Una influencia desconocida está permitiendo que partículas de polvo gigantes se diseminen por todo el mundo y puedan estar contribuyendo al calentamiento global.

Grandes partículas de polvo del desierto del Sahara se han encontrado hasta 3.500 kilómetros de distancia en el Caribe. Eran casi 50 veces más grandes de lo que los científicos pensaban que era posible transportar a una distancia tal a través de los vientos globales.

El polvo afecta el delicado equilibrio entre la luz solar entrante y el calor emitido desde la Tierra, el desarrollo de ciclones tropicales y la formación de nubes. Los científicos dicen que el papel de las grandes partículas en la atmósfera, con sus efectos inesperados de largo alcance, debería incluirse en los modelos climáticos en el futuro.

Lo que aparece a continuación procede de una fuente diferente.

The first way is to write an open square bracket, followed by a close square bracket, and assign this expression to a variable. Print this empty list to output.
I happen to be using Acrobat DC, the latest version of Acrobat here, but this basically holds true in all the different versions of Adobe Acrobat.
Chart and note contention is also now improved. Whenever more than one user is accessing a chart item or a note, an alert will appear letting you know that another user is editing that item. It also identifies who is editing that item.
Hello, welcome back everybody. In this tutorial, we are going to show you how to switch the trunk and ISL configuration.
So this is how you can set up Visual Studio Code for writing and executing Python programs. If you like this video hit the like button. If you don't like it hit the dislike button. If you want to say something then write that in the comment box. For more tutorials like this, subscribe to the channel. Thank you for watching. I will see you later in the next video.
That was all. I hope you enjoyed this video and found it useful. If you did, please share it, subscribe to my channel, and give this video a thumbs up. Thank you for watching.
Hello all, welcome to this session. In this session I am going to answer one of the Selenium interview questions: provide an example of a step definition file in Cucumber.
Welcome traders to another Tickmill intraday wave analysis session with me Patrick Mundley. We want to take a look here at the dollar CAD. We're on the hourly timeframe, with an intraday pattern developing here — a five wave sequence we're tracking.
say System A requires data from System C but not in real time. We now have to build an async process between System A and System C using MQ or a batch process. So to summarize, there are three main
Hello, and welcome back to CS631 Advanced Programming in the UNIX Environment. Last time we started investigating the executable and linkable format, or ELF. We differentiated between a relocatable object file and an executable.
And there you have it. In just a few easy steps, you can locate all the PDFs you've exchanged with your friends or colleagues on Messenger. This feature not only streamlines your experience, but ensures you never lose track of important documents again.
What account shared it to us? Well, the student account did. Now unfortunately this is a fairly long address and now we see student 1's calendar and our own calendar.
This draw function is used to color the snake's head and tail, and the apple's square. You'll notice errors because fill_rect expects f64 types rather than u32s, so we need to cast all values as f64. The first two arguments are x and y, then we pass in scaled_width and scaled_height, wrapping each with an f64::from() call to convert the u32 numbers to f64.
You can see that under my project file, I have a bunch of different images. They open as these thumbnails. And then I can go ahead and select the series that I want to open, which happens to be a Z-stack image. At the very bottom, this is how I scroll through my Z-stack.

El profesor Giles Harrison, profesor de Física Atmosférica en la Universidad de Reading y coautor del estudio, dijo en un comunicado: “Estas partículas de polvo se sacan del desierto del Sahara y se transportan entre continentes, y la mayoría de las personas las conocen mejor cuando terminan depositadas en nuestros coches o causan el tipo de cielos anaranjados que vimos hace un año.

“Sin embargo, las ideas existentes no permiten que tales partículas masivas viajen en la atmósfera a distancias tan extensas, lo que sugiere que existe un proceso atmosférico o una combinación de procesos aún desconocidos que los mantienen en el aire. La carga de las partículas y las fuerzas eléctricas asociadas son una explicación que está siendo explorada.

“Esta evidencia de que el polvo y la ceniza se transportan tan lejos es significativa porque estas partículas influyen en la transferencia de radiación alrededor de la Tierra y en los ciclos de carbono en los océanos”.

La investigación, dirigida por el Instituto Real de los Países Bajos para la Investigación del Mar (NIOZ), se publica este 18 de diciembre en Science Advances.

Los vientos transportan partículas de polvo desde el oeste del Sahara sobre el Océano Atlántico. Los investigadores recolectaron el polvo del desierto en boyas flotantes y trampas de sedimentos bajo el agua en cinco lugares en el Océano Atlántico entre 2013 y 2016.

Anteriormente se pensaba que el tamaño de las partículas en esta nube oscilaba entre 0,01 y 0,02 milímetros de diámetro, pero los científicos encontraron partículas de 0,45 milímetros en muestras en el Caribe.

Los científicos argumentan que esto significa que el papel de las grandes partículas de polvo, especialmente el cuarzo, tanto en la formación de nubes como en el ciclo del carbono en los océanos se ha subestimado. El papel de las partículas se descuida en gran medida en los modelos informáticos utilizados para explicar y predecir el cambio climático porque no se ha pensado que persistan en la atmósfera.

La investigación también sugiere que la cantidad de polvo eliminado de la atmósfera por la lluvia, en lugar de la gravedad, es mayor de lo que se suponía anteriormente. Esto tiene implicaciones para los océanos, porque las gotitas formadas por las partículas de polvo son muy ácidas y porque las partículas grandes se hunden más rápido, llevando los nutrientes a las partes más profundas del océano. Ambos factores afectan el crecimiento de las algas y, por lo tanto, afectan a las cadenas alimentarias y el ciclo del carbono del océano.

Michele van der Does, investigadora de NIOZ y autora principal del estudio, dijo: “El hecho de que partículas de polvo más grandes permanezcan flotando en la atmósfera durante mucho tiempo se considera que está en conflicto con las leyes físicas de la gravedad. Mostramos que a través de una combinación de fuerzas y los movimientos en la atmósfera los grandes gránulos de polvo pueden permanecer en la atmósfera por más tiempo y tener su influencia allí “.